Ma non chiamatemi caregiver

Redattore Sociale del 01.11.2019

Disabilità “Ma non chiamatemi caregiver”: l’appello di una mamma

ROMA. “A me essere chiamata caregiver non piace per nulla: io sono la mamma, una mamma che ha deciso per il bene della propria figlia di non affidarla a altri, ma di occuparsene personalmente”: è la riflessione di Marina Cometto, mamma innanzitutto ma anche caregiver a tempo pieno, da oltre 40 anni, di sua figlia Claudia, che ha una grave disabilità, dovuta a una malattia rara, la sindrome di Rett. “Non mi sento in galera per questo – precisa Cometto – Non mi sento sfruttata, perché ciò che si fa con amore e per amore non ha prezzo.

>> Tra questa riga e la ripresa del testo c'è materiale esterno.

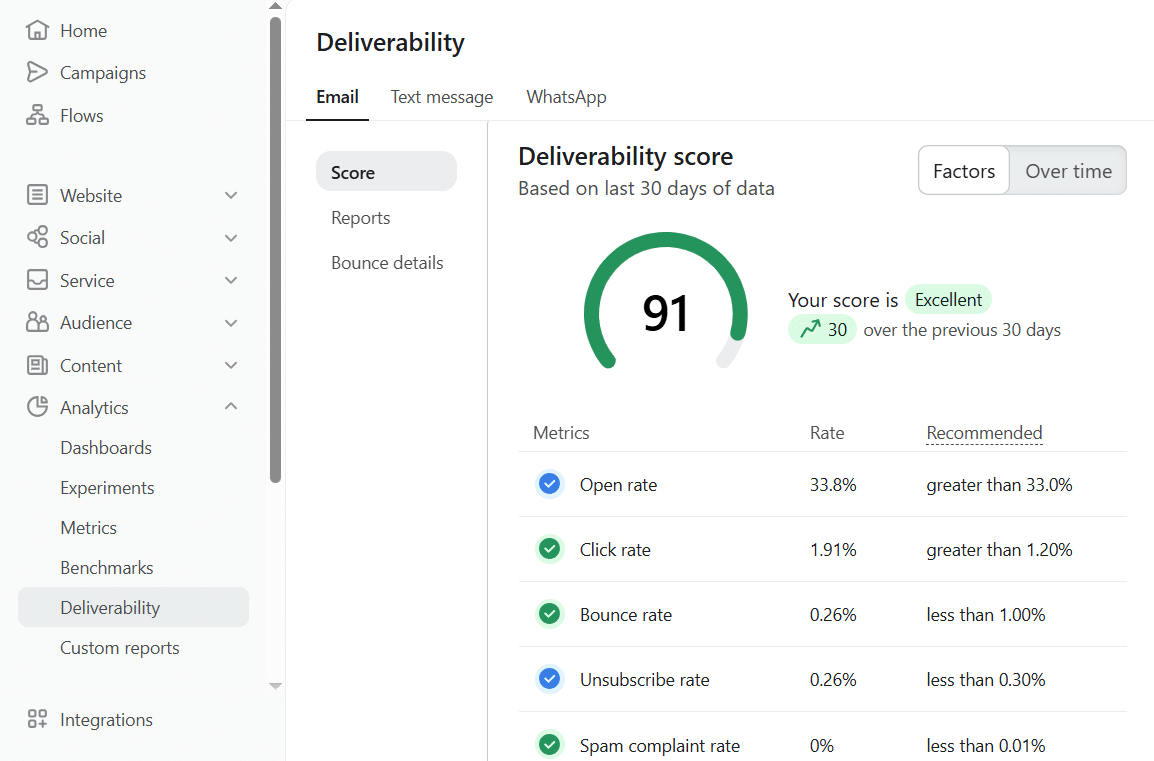 eCommerce brand improved its email deliverability score from 12 to 91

Tornassi indietro farei la stessa scelta”.
La sua riflessione, però, non è solo un esercizio di stile, o una finezza linguistica: diventa invece una denuncia e poi un appello. “In questi ultimi tempi ho sentito tanto parlare della figura dei caregiver, perfino la politica ha iniziato a usare questo termine: se ne è riempita la bocca, ma in verità non è ancora arrivata a nulla”. Il riferimento è, evidentemente, alla legge sul caregiver, presentata in Parlamento: “Essa dimentica le mamme o comunque i genitori diventati anziani – osserva Cometto – che oltre al forte impegno per mantenere in vita il proprio figlio o la propria figlia, devono fare i conti con l’età e le malattie legate all’età”.

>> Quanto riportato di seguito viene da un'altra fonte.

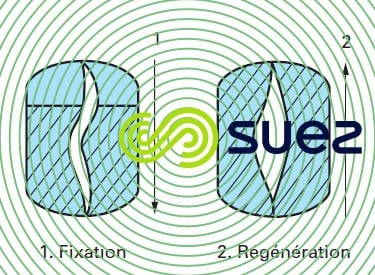 Blocage mécanique membrane échange d'ions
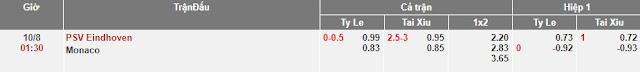 ty le keo psv vs monaco soikeo79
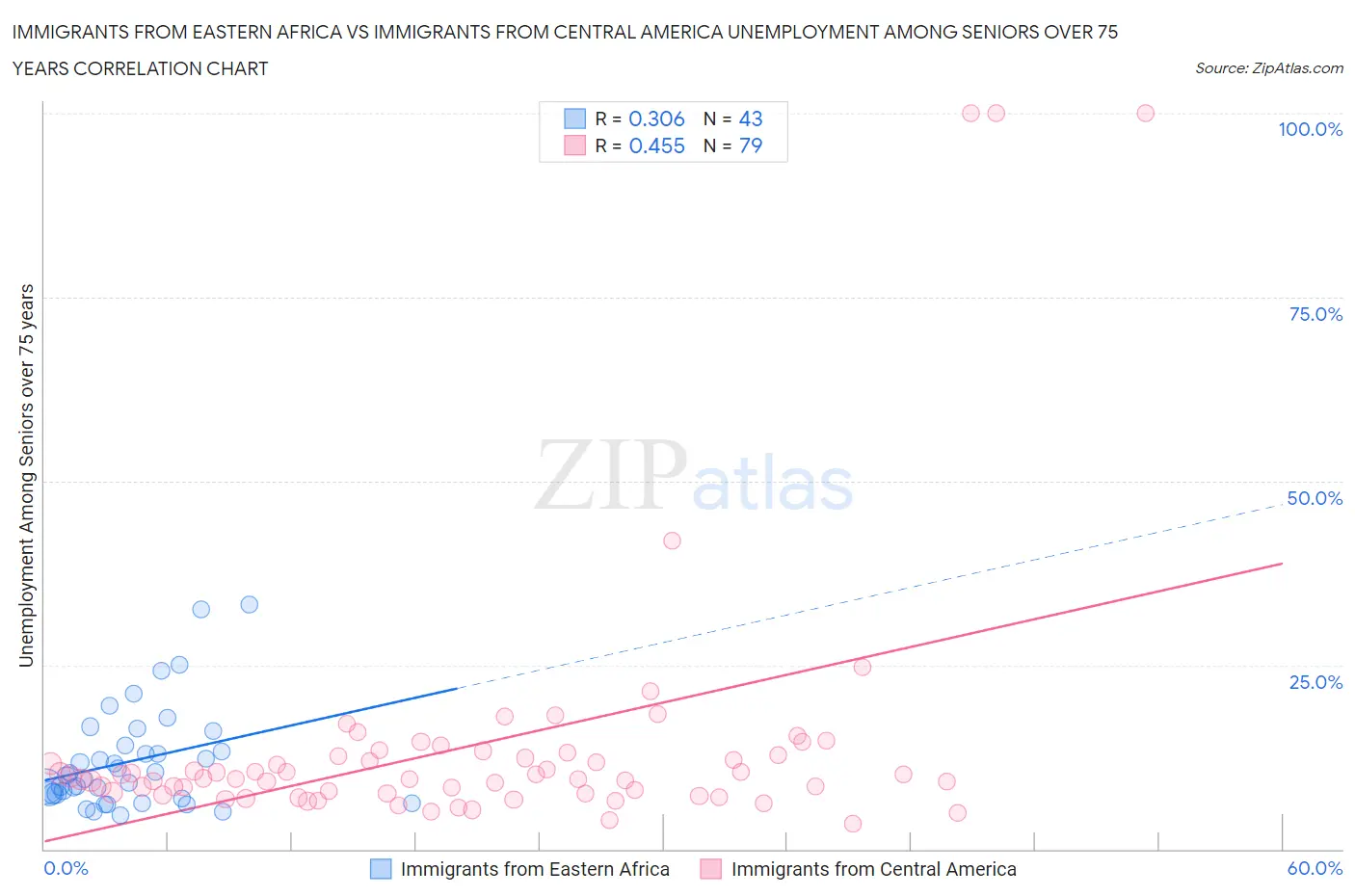 Immigrants from Eastern Africa vs Immigrants from Central America Unemployment Among Seniors over 75 years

Di cosa avrebbero bisogno, allora, questi genitori caregiver? Di “vere opportunità, un vero sostegno in casa, tramite personale sanitario. Perché molti dei ragazzi assistiti a domicilio, vuoi per malattia rara, vuoi per patologie causate da traumi, sofferenza neonatale o altre, presentano con l’avanzare dell’età complicazioni maggiori. E i genitori, settantenni o anche ultra ottantenni, sentono di non riuscire più a essere presenti e pronti nelle possibili complicanze. Questo certo non li aiuta a essere sereni”.

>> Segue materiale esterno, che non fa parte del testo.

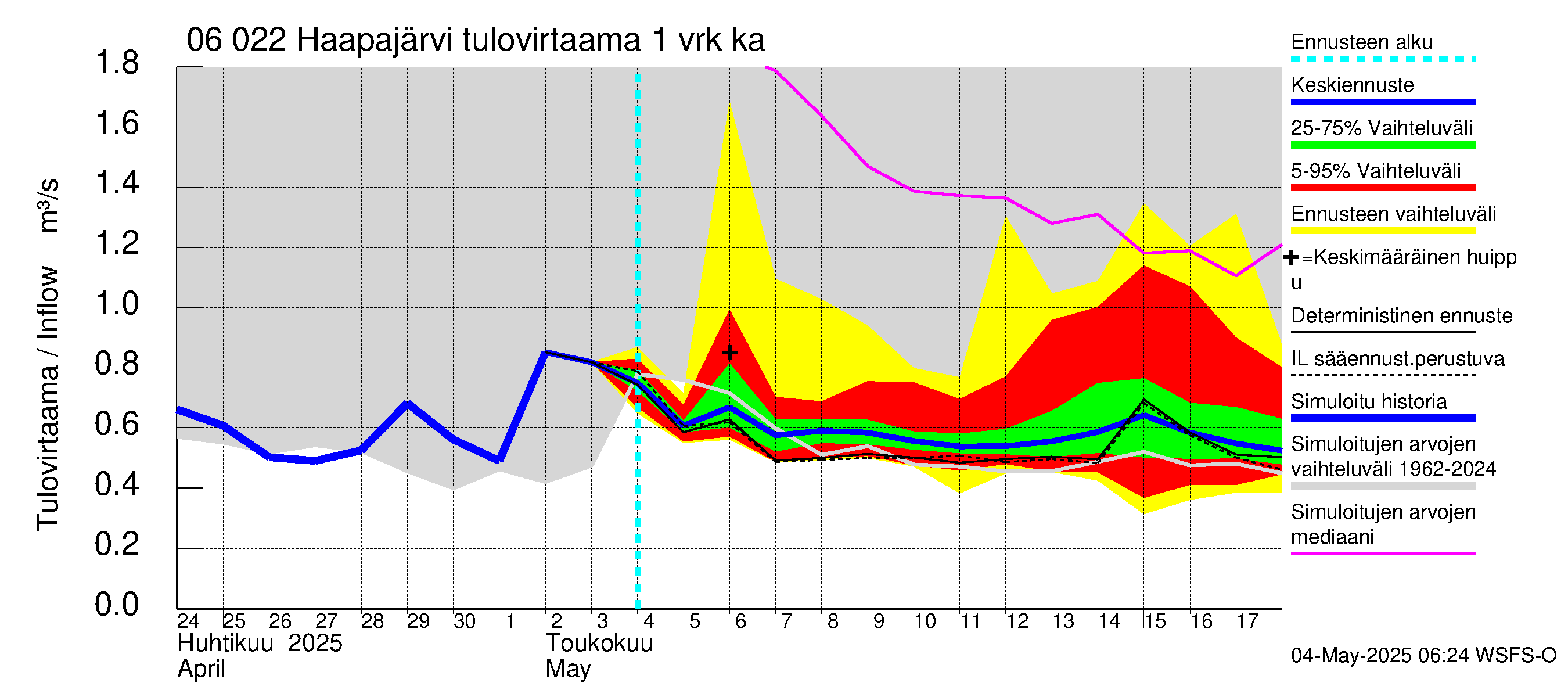 Hounijoen vesistöalue - Haapajärvi: Tulovirtaama - jakaumaennuste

Cometto ripercorre quindi la storia dei passati tentativi, le passate speranze, alimentate da una legislazione spesso avanzata, ma poi puntualmente tradite: “Quando è stata votata le legge 162/98 – ricorda – pensavo che avrei finalmente avuto un aiuto. Invece nulla. Quando è arrivata la 328/00, ancora, speravo che veramente questa sarebbe stata la legge per noi: nulla di fatto, anche in questo caso. Ancora, con il ripristino del Fondo per la non autosufficienza, mi sono detta: ‘Questa volta ci siamo’. Mi illudevo: la Regione in cui vivo è riuscita a disattendere le mie aspettative anche questa volta. Nulla da fare – denuncia Cometto – Siamo voci fuori dal coro: siamo pochi, siamo tanti, a nessuno interessa, neppure a coloro che si dicono attenti, per poi piangere lacrime di coccodrillo quando qualcuno persa ogni speranza di ascolto cede. Non credo che sarà il riconoscimento della figura del caregiver a colmare questo vuoto – conclude – perché sapranno prenderci in giro, prendermi in giro, per l’ennesima volta. Cambiano i colori politici, cambiano i nomi, cambiano i governi, ma il risultato no cambia mai: le persone malate e con disabilità complessa non sono la priorità in questo nostro Paese”.